When Is It a COMIC BOOK HOMAGE — and When Is It a SWIPE?

MORRISON MONDAYS!

By BILL MORRISON

Recently, someone on the Comics Swipes Facebook page posted my cover to Bart Simpson #19 and the 1957 Hot Stuff #1 cover by Warren Kremer, side by side. A minor discussion ensued about whether my Bart drawing was a swipe or an homage, and someone asked, “Aren’t a swipe and an homage very close to the same thing?” I’ve heard variations on this question before, and although I’ve often made an effort to clear things up from my perspective, there still seems to be a good deal of confusion.

So, here’s my take on swipes vs. homages, tributes, parodies, etc.

I contend that an artist who swipes an image, layout, idea, or pose from another artist, usually does so with the idea that their intended audience may or may not recognize the source material. Probably more often than not, the artist hopes that they won’t. The artist may feel that the thing they’re swiping is so obscure that none will be the wiser, or they simply may not care if someone calls out their image as being derivative of another.

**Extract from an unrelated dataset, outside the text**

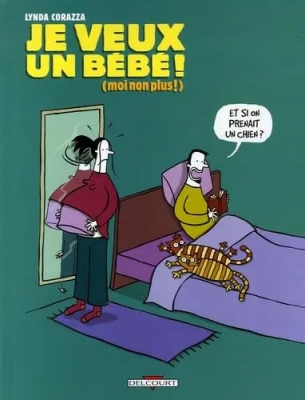 Je veux un b&eacute;b&eacute; ! (Moi non plus !)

On the other hand, if an artist creates an homage to an idea or image, it’s with the assumption that the audience will recognize the source, and in fact sometimes the success of the art relies on that assumption.

In the case of my Bartman #19 cover, I was hoping that our Bongo readers knew the Hot Stuff cover well enough to get the gag. In retrospect, I’m not sure that they did. And without that recognition, my cover doesn’t make a lot of sense. The most successful homage images are those that pay tribute to something so iconic that most of the intended audience can’t help but recognize the original image or idea, and that lets them in on the joke.

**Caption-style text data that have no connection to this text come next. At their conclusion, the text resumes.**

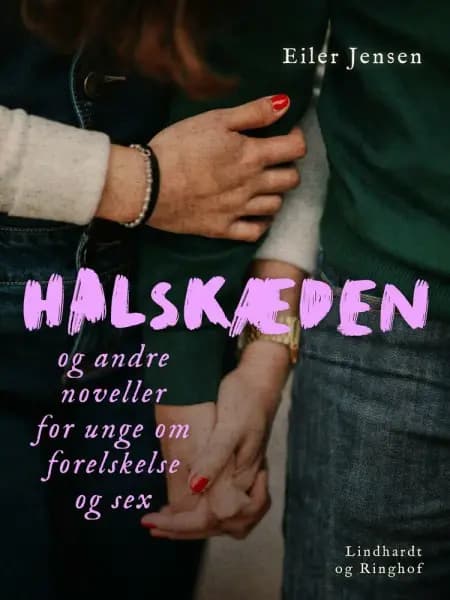 Halskæden - og andre noveller for unge om forelskelse og sex af Eiler Jensen
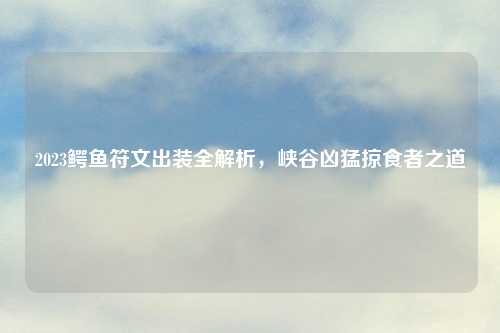 2023鳄鱼符文出装全解析，峡谷凶猛掠食者之道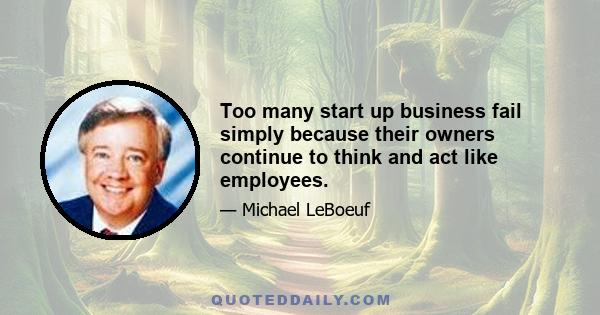 Too many start up business fail simply because their owners continue to think and act like employees.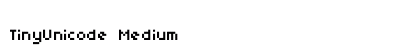 TinyUnicode Medium preview
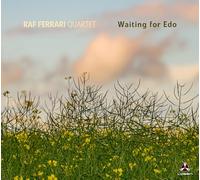 Raf Ferrari Quartet - Waiting for Edo [Import]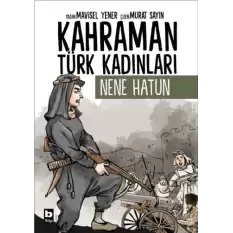 Kahraman Türk Kadınları - Nene Hatun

Three examples of iconic comic book covers that I’ve paid homage to are Fantastic Four #1/Simpsons Comics #1, Amazing Fantasy #15/Free Comic Book Day 2010, and Green Lantern #85/Radioactive Man #216. The covers from which I drew inspiration are all well known enough among comics fans to make my versions recognizable as tributes or parodies.

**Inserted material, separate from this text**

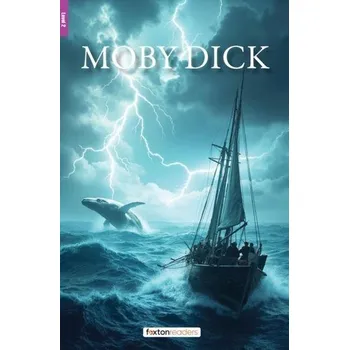 Cizí jazyk Moby Dick - Foxton Reader Level-2 (600 Headwords A2/B1) with free online AUDIO - Books, Foxton; Webley, Jan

Jack Kirby and George Klein, 1963

Jack Kirby and Steve Ditko, 1962

Neal Adams, 1971

A Simpsons Comics cover of mine that I would put into the swipe category is Issue #48 which was inspired by the cover to 1963’s Fantastic Four #23, by Jack Kirby and George Roussos. I don’t feel that the original FF cover is iconic enough to be recognizable to most Bongo readers as the source. However, in this case I was hoping that some Bongo-heads would get it, and for the rest, I think my cover worked well enough on its own, without any knowledge of the original (unlike my Hot Stuff #1 tribute.)

Even the best comic-book artists have resorted to basing drawings on the work of other artists, and I don’t want to swipe-shame my fellow pros with examples. You can find plenty of those at the Comics Swipes Facebook page. But here are a couple of great covers that are tributes and/or parodies of well-known images. In these cases, they are from the worlds of illustration and photography, instead of other comic book covers.

The first is the cover to 2003’s JSA #54, by Carlos Pacheco and Jésus Merino. It’s quite obviously based on Norman Rockwell’s iconic Thanksgiving-themed 1943 illustration, “Freedom From Want.” You would be hard pressed to find a person, especially an American, who is not familiar with the Rockwell painting. And though the success of this cover relies to a great extent on that fact, anyone not hip to the Rockwell piece would probably still find it to be a fabulous cover.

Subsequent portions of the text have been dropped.